Johns Hopkins Gazette: March 10, 1997

Hal Weaver Eyes
Prize in the Skies

Emil Venere
Homewood
News and Information
Astronomers have been treated to an amazing display of two spectacular comets over the past year, and the grand finale is coming in early April.

That's when comet Hale-Bopp, the largest and one of the most unusual comets ever observed by astronomers, will peak in brightness as it makes its closest approach to the sun.

Taken alone, the two cometary visitations are exciting. But when you throw in 1994's extraordinary observations of a comet actually colliding with the planet Jupiter, it just doesn't get any better, said astrophysicist Hal Weaver.

"This is really a golden age of cometary astronomy," said Weaver, who specializes in research on comets and their connection to the origin of the solar system.

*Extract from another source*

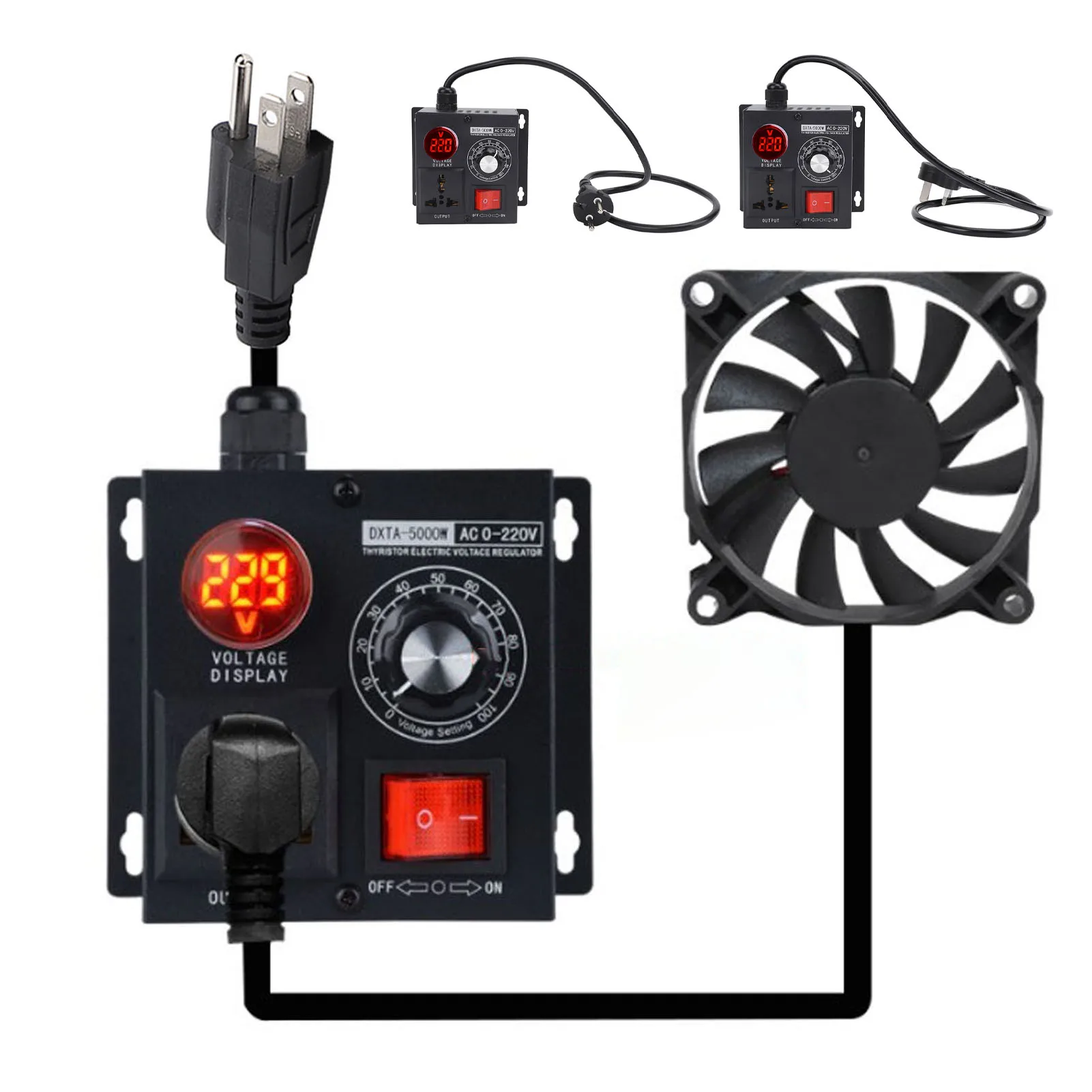 

Electronic Voltage Regulator 5000W High Power Metal SCR Voltage Controller Rust Prevention Stepless Adjustment for Small Motor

Hale-Bopp was discovered in July 1995 by amateur astronomers Alan Hale of Cloudcroft, N.M., and Thomas Bopp, of Glendale, Ariz. Only a few months later, an amateur Japanese astronomer peering through a pair of binoculars spotted comet Hyakutake, which peaked last spring.

Since then Weaver has been hopping from one project to another, juggling scientific papers about both comets and stealing away to various meetings to talk about his work.

"When baseball season starts this spring, I don't know what I'm going to do," said the astronomer, who has two sons, Alex, 8, and Eric, 5.

Not that he's complaining.

Quite the opposite. Hopkins astronomers are celebrating Hale-Bopp's arrival with ambitious science projects; Weaver trekked to Hawaii last week, observing the comet with an infrared telescope on the windy summit of Mauna Kea, a 796-foot dormant volcano. Next month other Hopkins scientists, led by astrophysicist Paul Feldman, will travel to White Sands, N.M., launching a rocket that will rise above the Earth's atmosphere to observe ultraviolet light from Hale-Bopp.

"We will enhance our knowledge because it's a particularly bright comet, and we are looking at it with new technology, so it's a big leap of understanding," said Feldman, who is chairman of the Department of Physics and Astronomy.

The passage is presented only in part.